Your website press section could keep you from being quoted in The New York Times.

I’ve seen it happen – a missed opportunity that a company in the technology space still doesn’t know about. While handling national PR for the Grand Prix of Baltimore, I landed a story about a new technology racing teams were using to power the vehicles. The Times reporter was fact-checking with me and wanted to include third-party comments from a company not connected to the Grand Prix but able to offer insights on the new technology.

I was on the phone with the reporter as he visited the online newsrooms of a few companies likely to have that expertise. The first company looked great, but the reporter stopped in his tracks. The online press room had no contact names, no direct dial phone number, no email option. Instead, they had a generic “contact us” form.

I’m paraphrasing, but the reporter said …

“Ugh, they have one of those forms. Who knows where that goes and when they’ll get back to me.”

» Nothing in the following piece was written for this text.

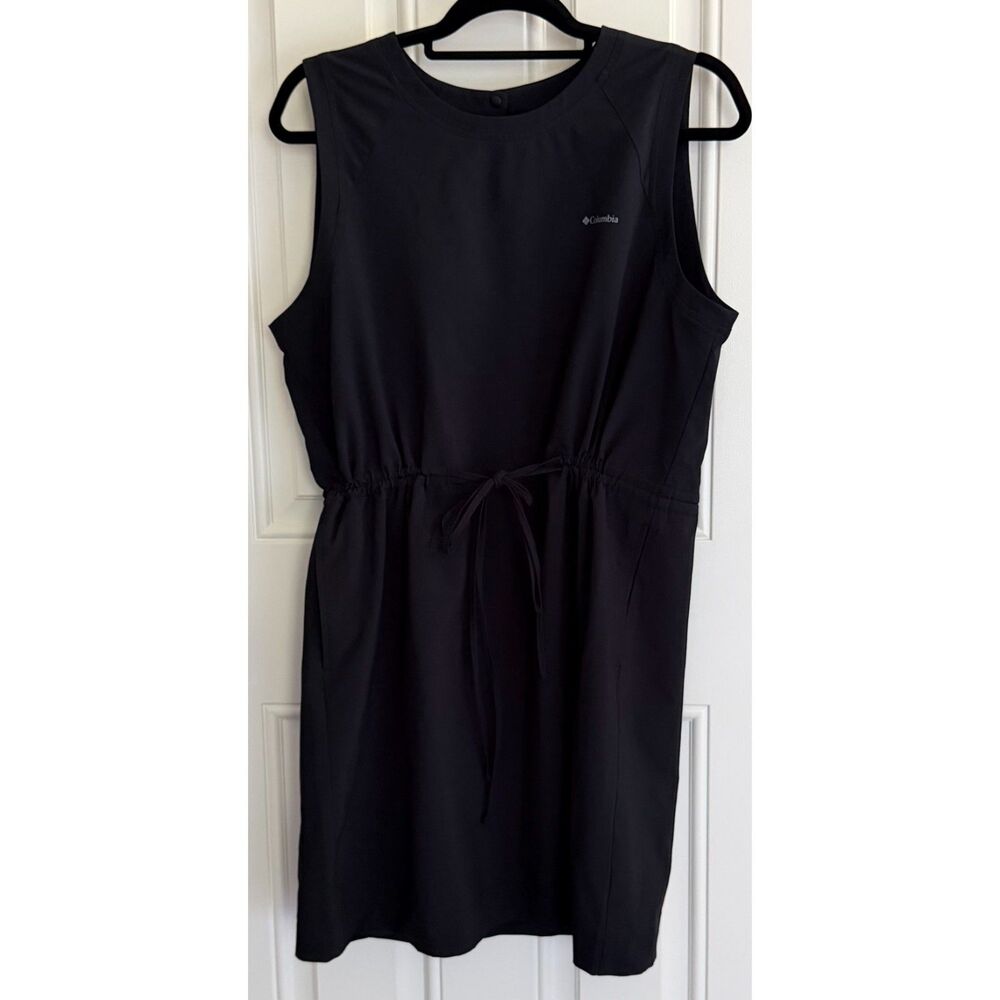 Columbia Women's Black Tie Waist Active Dress with Pockets size L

And that was it. He Googled for other firms until he found one offering what he needed: a named contact with a direct-dial phone number. The reporter was on deadline and needed assurance that he could reach a real person.

This simple example that cost one company an opportunity for coveted New York Times coverage. It supports much of what the latest TEK Group Online Newsroom Survey Report reveals. For the past 17 years, they have asked journalists across the U.S. what they think about and want in online newsrooms. Here’s what reporters polled in 2018 said they are looking for:

  • Current and accurate contact info.
  • Executive photographs.
  • Content should be updated timely with social media, not significantly after the fact.
  • Don’t make us jump through hoops to get high resolution photographs.
  • The phone number for a real person that has the authority to speak to products, activities and issues into which the company is involved.
  • Positive feel good stories.

The final bullet comes as a surprise, but the others are what I would expect in an online newsroom in 2019. We’ve come a long way from the days when you simply listed press release headlines and links to PDFs, but not everyone is there yet.

The first and easiest fix to make? Add your PR contact’s name and contact info.